Cheryl’s view: It seems Jack Welch should play more golf and resist the temptation of making speeches. On July 21 the Wall Street Journal reported he delivered what I’m sure he thought was “straight talk” like he thinks he did in his book, Straight from the Gut. He told a convention of HR executives women had to choose between raising a family and having the corner office. Which rock have you been hiding under Jack? Maybe he forgot that last year’s CEO of the year as elected by peer CEOs, was Anne Mulcahy, CEO of Xerox, and mother of two sons. And I supposed he also hasn’t noticed Mulcahy passed the reins to the first Afro-American woman to lead an S&P 100 company, Ursula Burns, and (Oh, gasp Jack!) also happens to have a daughter and stepson.  When Jack Welch entered the workforce and even possibly when he led General Electric, this might have been a “norm”, possibly his own stereotype at work. This is no longer the case.  Jack might also want to start reading the stats on graduating MBAs; women in 2009 will surpass men in all categories: associate, bachelor, graduate and professional. By the way, the gap between men and women has been widening since 1982, the last year men exceeded women in acquiring degrees, in college degrees and is projected to continue until 2017, which is only as far as the projection goes. So, where will the most talented, experienced, and well educated people in the company come from, the future CEOs? My money is on the next generation of women, who, by the way, believe the wisdom of his other book’s title “Control Your Own Destiny, or Someone Else Will.” Thanks for the advice, Jack, now go play golf.

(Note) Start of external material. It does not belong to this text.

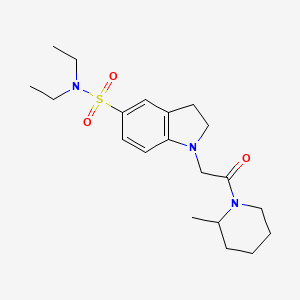 molecular formula C20H31N3O3S B6915767 N,N-diethyl-1-[2-(2-methylpiperidin-1-yl)-2-oxoethyl]-2,3-dihydroindole-5-sulfonamide 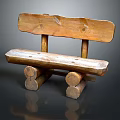 Rustic Natural Wooden Bench With Log Legs Plank Seat And Backrest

Sara adds:  Jack, in the words of James Copeland, former Chairman and CEO of Deloitte & Touche worldwide in True Leaders (Bette Price and George Ritchesche),  “Don’t breath your own exhaust.”    Your pronouncement in the Journal is contemptible (a carefully chosen word from Merriam Webster’s online dictionary…  “contemptible may imply any quality provoking scorn or a low standing in any scale of value.” The italics are mine).  I believe your comments to be contemptible; having a low standing in any scale of value on a couple of levels.  First level, you single out women leaders.  Besides being transparently biased your idea begs the question, why shouldn’t ALL leaders, men and women, have the opportunity to have a life as well as incredibly successful careers?   Then there’s the next level.  It’s about BUSINESS RESULTS, Jack, not about appearances or sacrifice.  By even uttering that comment I wonder if you’ve lost focus on the prize here.   Jack, you should read  a new Harvard Business Review (HBR) article, Social Intelligence and the Biology of Leadership (Richard Boyatzis and Daniel Goleman).  It stands your antiquated version of leadership on its ear.  In the article you will read about the negative impact a leader’s stressed lifestyle has on the success of the company they lead.  The authors also provide a pathway to leadership that is healthy, balanced and produces great (get that, Jack, GREAT)  business results.  I wonder what heights GE could have climbed if YOU had been a different kind of leader.